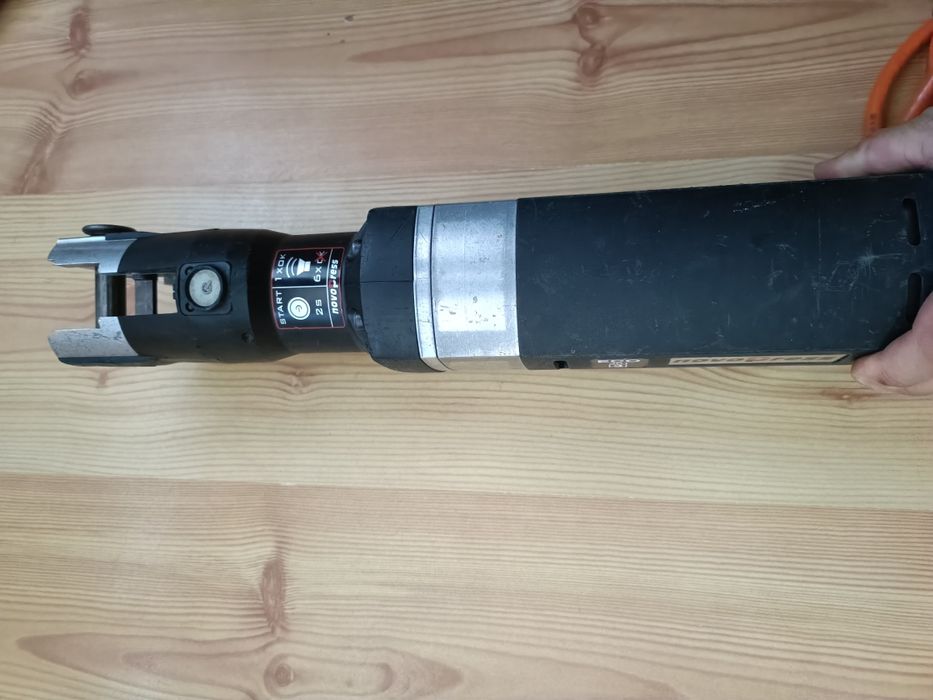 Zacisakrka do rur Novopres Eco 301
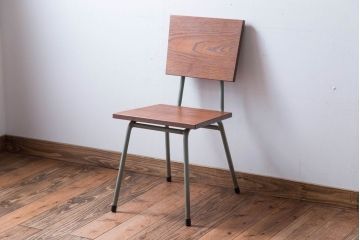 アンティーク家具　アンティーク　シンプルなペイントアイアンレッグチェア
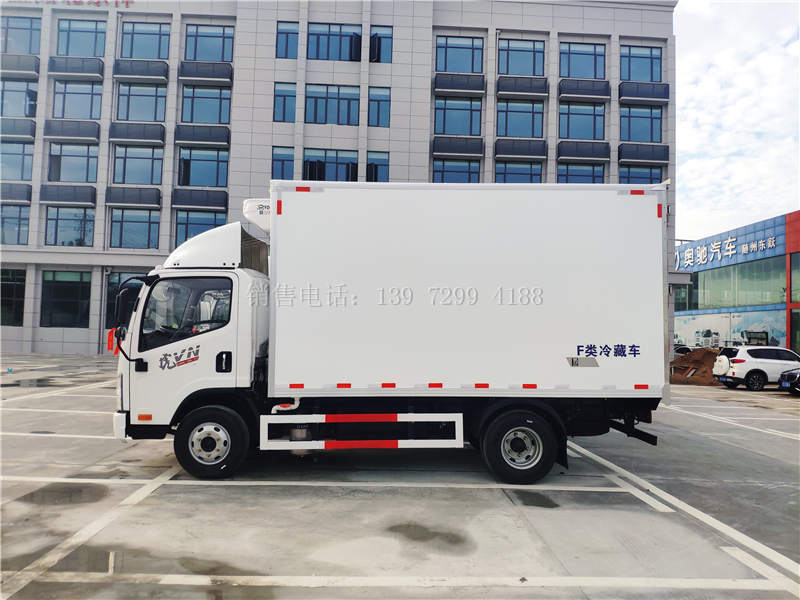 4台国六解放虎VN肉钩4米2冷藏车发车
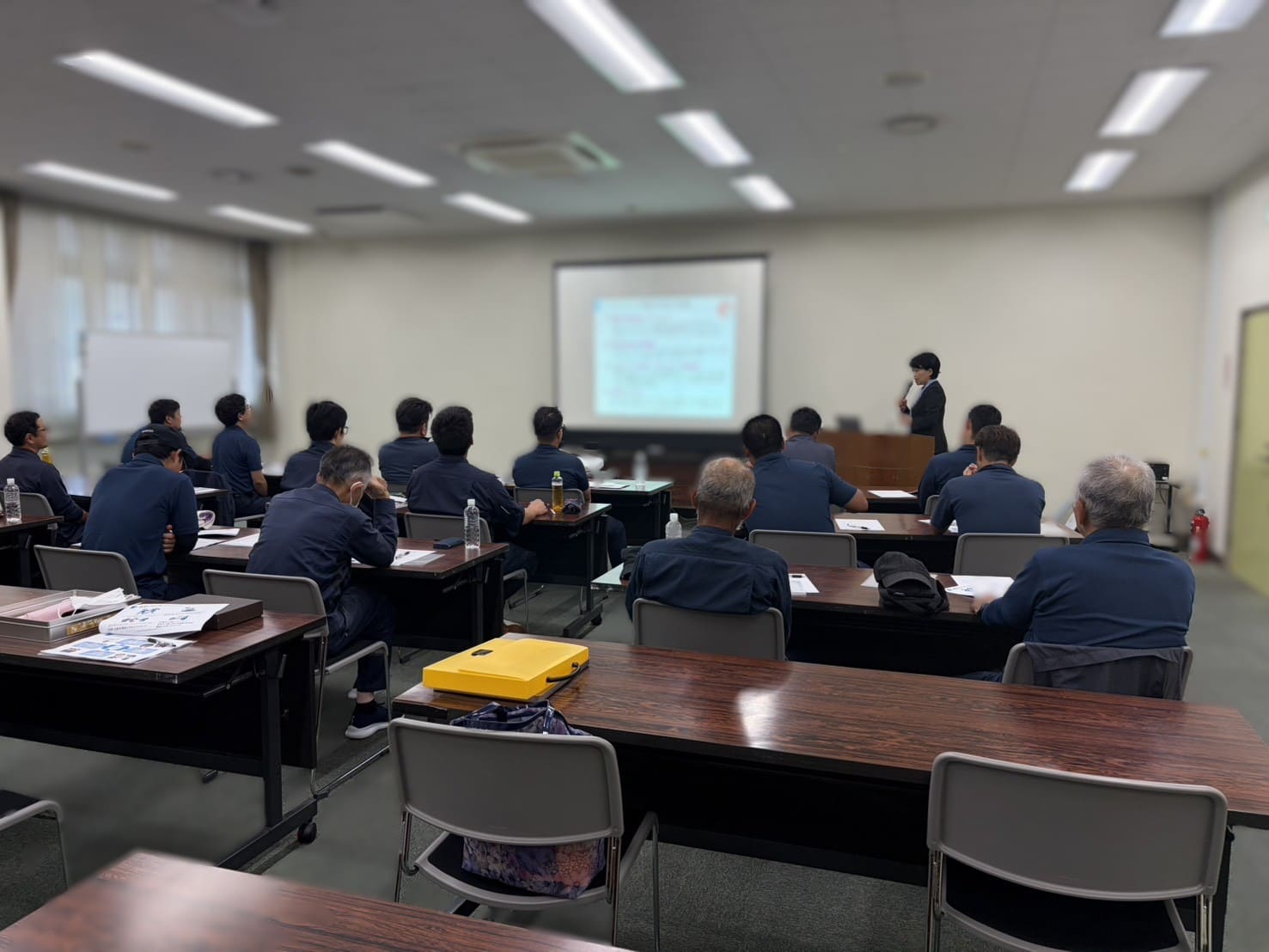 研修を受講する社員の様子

Work item -
Top to bottom, retype the listing exactly but drop every picture.

Completed task -
 Zacisakrka do rur Novopres Eco 301
 アンティーク家具　アンティーク　シンプルなペイントアイアンレッグチェア
 4台国六解放虎VN肉钩4米2冷藏车发车
 研修を受講する社員の様子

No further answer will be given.